Western Themes in Contemporary Rock Music.
Rating: 6 1/2
|Friends (Soundtrack - 1971)|
|17-11-70 (Live - 1971)|
Rating: 4 1/2
|Madman Across The Water (1971)|
Contains the single "Tiny Dancer". A fairly dull album of middle of the road pop songs. There's a an earnestness about this which doesn't help, and the orchestration underlines the attempt to appeal to a broad, mature audience. This is a significant move away from the country feel and inventiveness of Tumbleweed Connection.
|Honky Chateau (1972)|
Contains the cute and throwaway boogie woogie song, "Honky Cat", very commercial, and nicely done. There is a wide variety of songs on the album - something for everyone, yet it holds together well. The songs are well written and warmly performed. There's a New Orleans feel about the album, giving it a warm richness. "Rocket Man" was a hit, and continues to be a radio favourite. This album exemplifies my dilemma with Elton John. It's well written and well performed, and a lot of the tracks are very listenable and attractive, but there's a superficiality about it all, and a commercial gloss, that I find it hard to engage on a deeply emotional level. Elton is a very fine craftsman - he understands music, and can write very attractive tunes. In that regard he is like Paul McCartney and Stevie Wonder. Taupin's lyrics are interesting. You can see what he is about. That he rarely says anything profound or revealing doesn't seem to matter as much as being able to reach across to people. "I Think I'm Going to Kill Myself" gives us nothing new about teenage angst, provides no insights, gives us no great lines, it's simply a throwaway play with the theme; and Elton attaches the right playful tune to it. More telling songs on the same theme, which underline how lacking the song is, are "My Generation", "Smells Like Teen Spirit", and Eddie Cochran's "Summertime Blues". Elton and Bernie's song is good on its own terms - it's just that it doesn't have anything significant to say. But people like the simple, homely approach. It makes the subject matter more understandable. There's nothing clever or challenging about it. And there's a place for approachable songs. And that's a huge part of Elton's success. He is approachable. He is understandable. He makes attractive music - nothing new, nothing challenging - just good, well constructed, attractive music, with lyrics that are understandable and simple and even stumble here and there, adding to their charm and approachability. I like this album, but I don't think it's important musically, lyrically or socially.

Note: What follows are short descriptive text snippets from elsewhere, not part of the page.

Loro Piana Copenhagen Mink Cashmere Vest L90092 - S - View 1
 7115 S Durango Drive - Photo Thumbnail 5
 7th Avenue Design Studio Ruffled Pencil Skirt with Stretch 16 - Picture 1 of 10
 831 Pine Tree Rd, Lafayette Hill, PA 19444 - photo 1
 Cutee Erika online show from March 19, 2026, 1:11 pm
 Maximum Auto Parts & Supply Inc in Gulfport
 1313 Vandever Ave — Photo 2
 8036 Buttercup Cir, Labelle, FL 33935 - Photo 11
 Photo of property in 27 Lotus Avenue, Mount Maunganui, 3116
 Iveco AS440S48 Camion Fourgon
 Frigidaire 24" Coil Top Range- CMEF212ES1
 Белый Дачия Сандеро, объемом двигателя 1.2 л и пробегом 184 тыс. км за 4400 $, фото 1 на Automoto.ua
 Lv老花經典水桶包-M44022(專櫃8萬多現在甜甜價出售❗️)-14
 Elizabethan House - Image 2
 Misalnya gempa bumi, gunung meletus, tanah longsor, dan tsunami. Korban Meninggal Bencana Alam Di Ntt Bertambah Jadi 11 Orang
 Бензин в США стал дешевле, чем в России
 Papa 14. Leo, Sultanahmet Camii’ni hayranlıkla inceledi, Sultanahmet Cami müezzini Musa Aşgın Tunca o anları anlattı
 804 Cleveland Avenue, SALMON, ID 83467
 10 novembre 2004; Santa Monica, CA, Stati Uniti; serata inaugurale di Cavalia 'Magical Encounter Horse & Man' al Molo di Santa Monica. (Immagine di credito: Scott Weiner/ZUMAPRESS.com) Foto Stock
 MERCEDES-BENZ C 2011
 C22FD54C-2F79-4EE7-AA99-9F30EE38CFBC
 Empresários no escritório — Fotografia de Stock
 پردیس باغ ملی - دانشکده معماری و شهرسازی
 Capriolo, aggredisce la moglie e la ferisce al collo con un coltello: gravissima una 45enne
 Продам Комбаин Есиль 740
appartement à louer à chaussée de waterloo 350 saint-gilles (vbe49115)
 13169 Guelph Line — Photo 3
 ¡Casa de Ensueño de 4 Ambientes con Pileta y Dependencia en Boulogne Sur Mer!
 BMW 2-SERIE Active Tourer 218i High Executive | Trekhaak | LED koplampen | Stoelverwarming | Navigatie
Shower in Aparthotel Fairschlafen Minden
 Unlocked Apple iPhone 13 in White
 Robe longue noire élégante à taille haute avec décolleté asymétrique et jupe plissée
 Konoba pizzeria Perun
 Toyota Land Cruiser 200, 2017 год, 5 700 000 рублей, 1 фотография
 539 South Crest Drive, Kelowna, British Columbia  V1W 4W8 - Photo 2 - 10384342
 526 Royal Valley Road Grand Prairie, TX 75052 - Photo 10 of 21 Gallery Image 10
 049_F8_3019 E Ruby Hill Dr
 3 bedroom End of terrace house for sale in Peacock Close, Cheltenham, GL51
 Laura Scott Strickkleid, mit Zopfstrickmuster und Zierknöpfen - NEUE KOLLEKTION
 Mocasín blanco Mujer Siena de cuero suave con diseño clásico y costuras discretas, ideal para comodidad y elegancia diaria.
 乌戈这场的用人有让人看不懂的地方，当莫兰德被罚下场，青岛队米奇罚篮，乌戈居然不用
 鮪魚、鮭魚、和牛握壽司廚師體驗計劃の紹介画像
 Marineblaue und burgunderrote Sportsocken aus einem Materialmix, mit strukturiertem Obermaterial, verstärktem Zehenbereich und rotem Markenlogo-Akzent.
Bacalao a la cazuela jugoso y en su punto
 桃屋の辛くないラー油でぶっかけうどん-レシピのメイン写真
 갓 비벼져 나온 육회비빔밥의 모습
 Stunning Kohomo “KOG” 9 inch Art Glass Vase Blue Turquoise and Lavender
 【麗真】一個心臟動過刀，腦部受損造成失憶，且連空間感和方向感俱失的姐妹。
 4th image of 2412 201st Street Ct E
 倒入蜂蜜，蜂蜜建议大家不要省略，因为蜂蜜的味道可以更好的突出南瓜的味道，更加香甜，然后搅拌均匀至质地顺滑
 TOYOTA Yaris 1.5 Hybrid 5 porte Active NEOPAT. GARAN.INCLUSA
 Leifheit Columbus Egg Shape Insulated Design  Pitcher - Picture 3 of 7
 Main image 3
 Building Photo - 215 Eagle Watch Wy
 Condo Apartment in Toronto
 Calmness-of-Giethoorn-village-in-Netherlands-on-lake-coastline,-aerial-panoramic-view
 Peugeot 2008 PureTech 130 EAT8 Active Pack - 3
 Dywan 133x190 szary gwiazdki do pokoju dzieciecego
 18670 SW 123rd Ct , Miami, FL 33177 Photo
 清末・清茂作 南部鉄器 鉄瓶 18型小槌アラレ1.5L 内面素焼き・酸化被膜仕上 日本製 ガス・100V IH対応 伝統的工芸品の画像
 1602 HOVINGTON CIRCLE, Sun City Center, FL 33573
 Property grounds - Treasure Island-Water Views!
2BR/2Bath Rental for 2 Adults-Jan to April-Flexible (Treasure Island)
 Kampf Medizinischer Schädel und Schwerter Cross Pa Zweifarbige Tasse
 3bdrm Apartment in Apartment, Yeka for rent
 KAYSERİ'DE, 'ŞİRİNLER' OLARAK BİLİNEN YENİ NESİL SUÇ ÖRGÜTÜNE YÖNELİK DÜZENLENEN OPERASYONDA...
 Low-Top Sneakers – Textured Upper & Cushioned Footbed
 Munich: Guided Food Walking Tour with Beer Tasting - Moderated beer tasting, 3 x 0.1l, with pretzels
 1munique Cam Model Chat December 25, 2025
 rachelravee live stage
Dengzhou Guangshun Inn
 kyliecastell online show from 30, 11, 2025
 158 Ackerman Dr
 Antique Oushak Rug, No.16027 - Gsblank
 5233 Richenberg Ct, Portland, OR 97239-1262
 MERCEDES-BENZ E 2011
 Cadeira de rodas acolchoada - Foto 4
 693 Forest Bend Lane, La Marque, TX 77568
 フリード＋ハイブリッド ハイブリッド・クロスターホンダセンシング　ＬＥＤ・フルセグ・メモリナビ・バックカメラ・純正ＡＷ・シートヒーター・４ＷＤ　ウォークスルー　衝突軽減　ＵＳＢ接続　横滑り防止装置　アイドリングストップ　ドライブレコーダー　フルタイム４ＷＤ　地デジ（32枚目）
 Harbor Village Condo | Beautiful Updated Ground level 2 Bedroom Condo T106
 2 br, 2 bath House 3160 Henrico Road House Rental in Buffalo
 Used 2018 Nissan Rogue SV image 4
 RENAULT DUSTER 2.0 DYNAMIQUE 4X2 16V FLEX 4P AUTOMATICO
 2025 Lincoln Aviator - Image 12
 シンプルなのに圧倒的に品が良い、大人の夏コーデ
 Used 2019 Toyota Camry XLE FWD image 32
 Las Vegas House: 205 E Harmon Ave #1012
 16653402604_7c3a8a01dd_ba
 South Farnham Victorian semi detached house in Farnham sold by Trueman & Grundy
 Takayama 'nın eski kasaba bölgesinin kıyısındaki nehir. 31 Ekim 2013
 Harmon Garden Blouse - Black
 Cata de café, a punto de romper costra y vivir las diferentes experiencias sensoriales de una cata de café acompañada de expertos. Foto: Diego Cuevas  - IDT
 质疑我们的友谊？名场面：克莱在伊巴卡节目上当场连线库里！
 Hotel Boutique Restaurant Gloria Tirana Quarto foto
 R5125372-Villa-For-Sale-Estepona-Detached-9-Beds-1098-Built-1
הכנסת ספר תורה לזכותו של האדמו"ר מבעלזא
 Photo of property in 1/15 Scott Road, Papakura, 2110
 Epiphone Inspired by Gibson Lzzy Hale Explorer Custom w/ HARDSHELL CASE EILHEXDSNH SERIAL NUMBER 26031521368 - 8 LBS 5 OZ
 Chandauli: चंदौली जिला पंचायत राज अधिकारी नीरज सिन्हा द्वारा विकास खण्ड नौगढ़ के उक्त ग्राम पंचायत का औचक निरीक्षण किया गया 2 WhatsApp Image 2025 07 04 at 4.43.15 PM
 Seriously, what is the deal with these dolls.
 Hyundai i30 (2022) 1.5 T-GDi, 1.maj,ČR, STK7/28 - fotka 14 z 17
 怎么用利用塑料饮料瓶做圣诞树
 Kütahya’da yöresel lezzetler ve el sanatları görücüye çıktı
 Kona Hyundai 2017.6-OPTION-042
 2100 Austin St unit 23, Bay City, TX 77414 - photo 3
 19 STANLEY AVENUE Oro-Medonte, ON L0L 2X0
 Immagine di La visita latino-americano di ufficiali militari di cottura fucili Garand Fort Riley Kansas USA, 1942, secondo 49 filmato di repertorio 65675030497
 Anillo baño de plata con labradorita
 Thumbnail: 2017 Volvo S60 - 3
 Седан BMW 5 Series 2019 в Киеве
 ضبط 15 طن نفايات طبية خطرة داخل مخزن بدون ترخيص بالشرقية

|Don't Shoot Me I'm Only the Piano Player|
A lot of filler in between "Daniel" and "Crocodile Rock", both of which are a little weak in themselves, but Crocodile Rock is a bit of harmless fun with some pop-style bubblegum rock n roll, and Daniel has some evocative melody lines that give some emotional weight to Taupin's suggestive lyrics.
Rating: 3 1/2
|Goodbye Yellow Brick Road (Double - 1973)|
Originally intended as a regular album, the team went to Jamaica to record, but found the atmosphere intimidating, and the studio too primitive, so moved back to the French studio where the previous two albums had been made. The frustrating delays and the contrast between the tense situation in Jamaica with the relaxed French château resulted in Elton writing extra songs which resulted in the album being expanded into a double. Widely regarded as Elton's best and most popular album, it's also seen as a being a little bit over-blown and self-indulgent, typified by the prog-rock intro. The album does feel somewhat ambitious for a rather straightforward tune-smith, but that's no bad thing. There's some good songs here, "Candle in the Wind", "Bennie and the Jets", "Goodbye Yellow Brick Road" and "Saturday Night's Alright for Fighting" were all hit singles, and while "Funeral for a Friend" is superficial, tedious and derivative, "Love Lies Bleeding" does work. Other songs, for me, are a little trivial and unimaginative, but it's a matter of opinion, and others regard the album as not only Elton's best, but also as something of a classic.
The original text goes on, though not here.